Ask any child of six to put away the game, to disengage from the puzzle. “Just five more minutes, Mom.” Whatever the task at hand, their focus is so intense that play has become work and vice versa. Work-Play are conjoined at the nexus of Space-Time, excluding all else. Children know this instinctively. So, what has our child-rearing and educational system done to suppress it in most adults? Good question, for which I have no easy answer. What Ackerman delineates so well is also, I think, at the heart of Richard Florida’s Creative Class.

Blithe admissions that I “play in the past” acknowledge Diane Ackerman’s presence in Agincourt. It will hardly surprise me to find that she’s received an honorary degree from Northwest Iowa Normal and planted the notion of work-as-play at one of its recent commencement exercises. I’ll bet Howard was there.

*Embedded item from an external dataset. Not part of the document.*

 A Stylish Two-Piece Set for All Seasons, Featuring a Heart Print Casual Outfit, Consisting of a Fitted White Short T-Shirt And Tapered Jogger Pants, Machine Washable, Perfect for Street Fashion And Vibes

Today I think of (and thank) Ms Ackerman as the NITC depot takes form.

Paper Trail 2.2

The benefit of a long life (and there are detriments, by the way, but that’s another story) is that I’ve been around long enough to witness patterns as cycles; the patterns that some ideas represent are born again or, just as likely, have simply refused to die. Light rail is one of them.

In the early years of the 20th century, the U.S. enjoyed one of the world’s great networks of light rail, then known as interurbans: heavier duty than street railways (trollies); lighter than passenger trains. Interurbans filled both gap and need, serving a regional audience when travel by auto was expensive and ill-served by state and national networks of paved roads.

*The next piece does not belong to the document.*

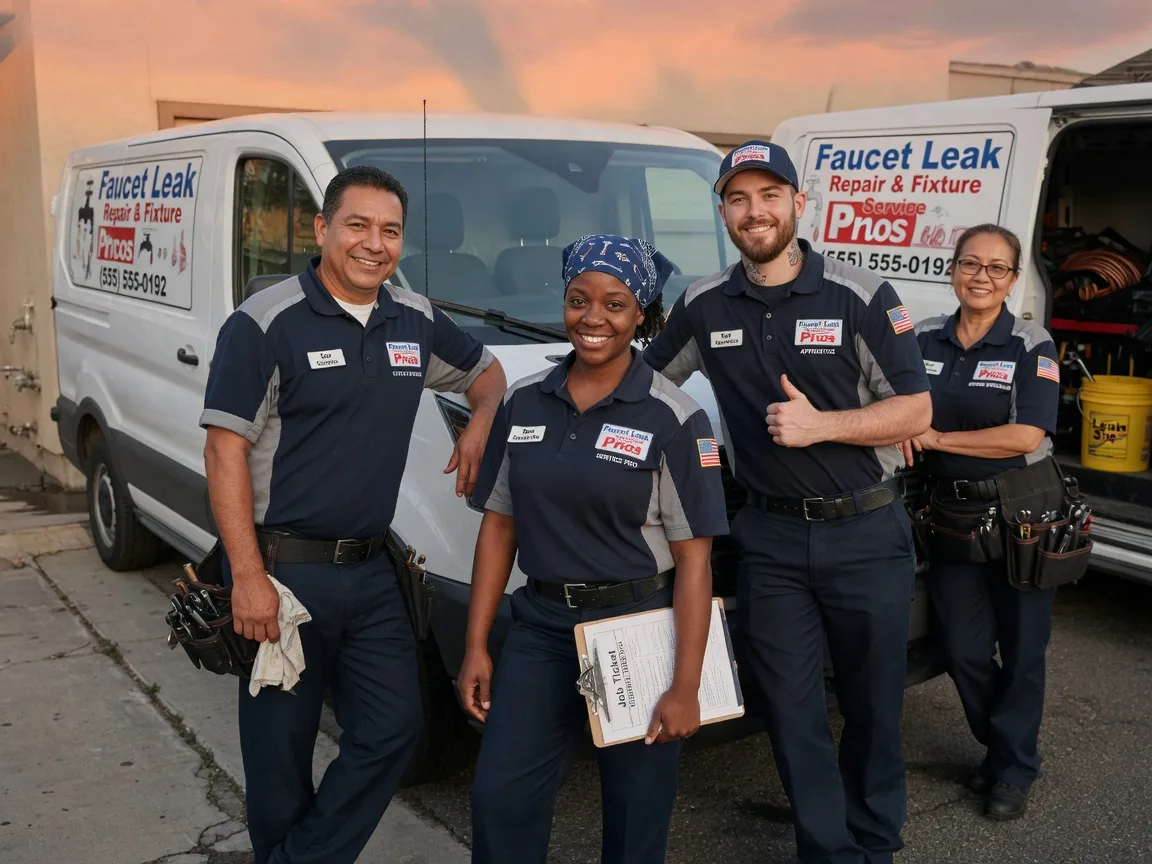 Faucet Repair company in Houtzdale, PA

The Northwest Iowa Traction Co. connected logically at Fort Dodge with another system. That was the beauty of interurbans: independent companies saw the non-competitive inter-linking of their lines as an advantage to ridership. At one point in the 1920s it would have been possible (though lunatic) to travel by multiple independent but interconnected systems from Chicago to New York. It might have taken three days but it was nonetheless possible. We will never see such a system again (nor should we) but shards of it are being reborn across America.

Nitcdepot

The NITC depot in Agincourt — hub and headquarters of its seventy-six mile line — has existed in sketch form since 2007. But it must evolve in the next month for two reasons: 1) it is something I simply need to do (fulfilling my lust for playing in the past) and more importantly 2) David Crutchfield has volunteered to redevelop this 1909 building for its own mini-centennial in 2009 as the energy-conserving headquarters of the local Fennimore County power company.

Who am I to deny another’s need to play in the sandbox that is Agincourt.